Signal Pathway of Hypoxia-Inducible Factor-1α Phosphorylation and its Interaction with von Hippel-Lindau Tumor Suppressor Protein During Ischemia in MiaPaCa-2 Pancreatic Cancer Cells

Abstract

PURPOSE AND EXPERIMENTAL DESIGN: Previously, we observed that the activation of p38 mitogen-activated protein kinase (MAPK) and c-Jun NH(2)-terminal kinase (JNK1) is mediated through the activation of apoptosis signal-regulating kinase 1 (ASK1) as a result of the reactive oxygen species-mediated dissociation of glutaredoxin and thioredoxin from ASK1. In this study, we examined whether p38 MAPK and JNK1 are involved in the accumulation of hypoxia-inducible factor-1alpha (HIF-1alpha) during ischemia.
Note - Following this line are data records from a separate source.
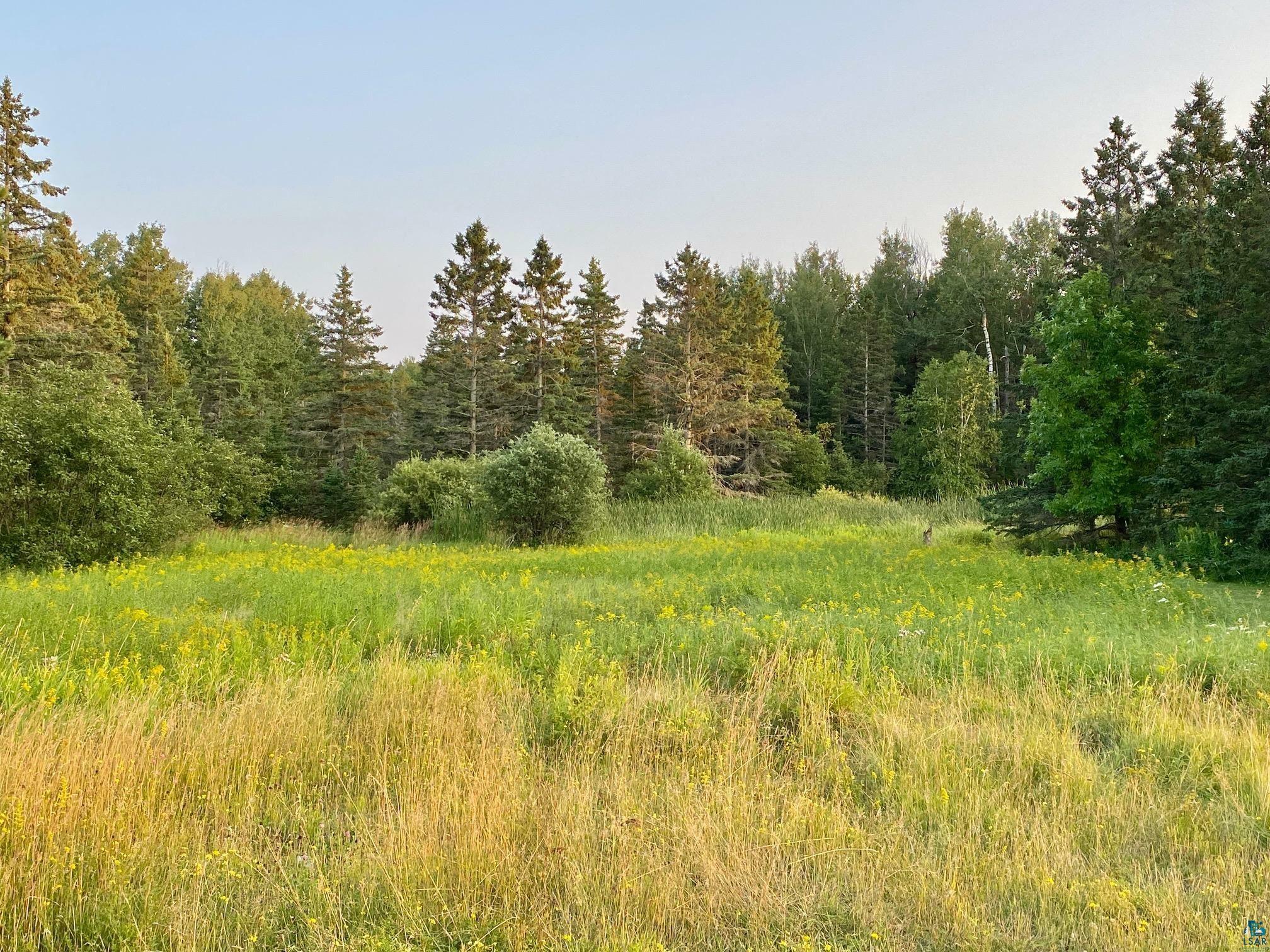 Property Photo:  Xxx Stanley Rd  MN 55616 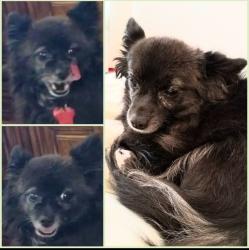 Lost Female Dog last seen Eider Lane & East Wigeon Way , Suisun City, CA 94585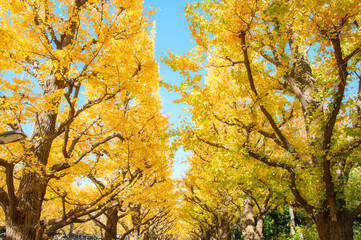 神宮外苑のイチョウ並木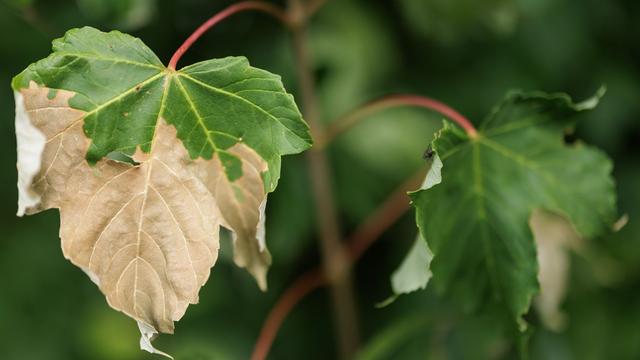 Herbst im Sommer: Was die anhaltende Trockenheit mit den Bäumen macht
Human pancreatic cancer MiaPaCa-2 cells were exposed to low glucose (0.1 mmol/L) with hypoxia (0.1% O(2)). RESULTS AND CONCLUSIONS: During ischemia, p38 MAPK and JNK1 were activated in MiaPaCa-2 pancreatic cancer cells. The activated p38 MAPK, but not JNK1, phosphorylated HIF-1alpha. Data from in vivo binding assay of von Hippel-Lindau tumor suppressor protein with HIF-1alpha suggests that the p38-mediated phosphorylation of HIF-1alpha contributed to the inhibition of HIF-1alpha and von Hippel-Lindau tumor suppressor protein interaction during ischemia. SB203580, a specific inhibitor of p38 MAPK, inhibited HIF-1alpha accumulation during ischemia, probably resulting from the ubiquitination and degradation of HIF-1alpha.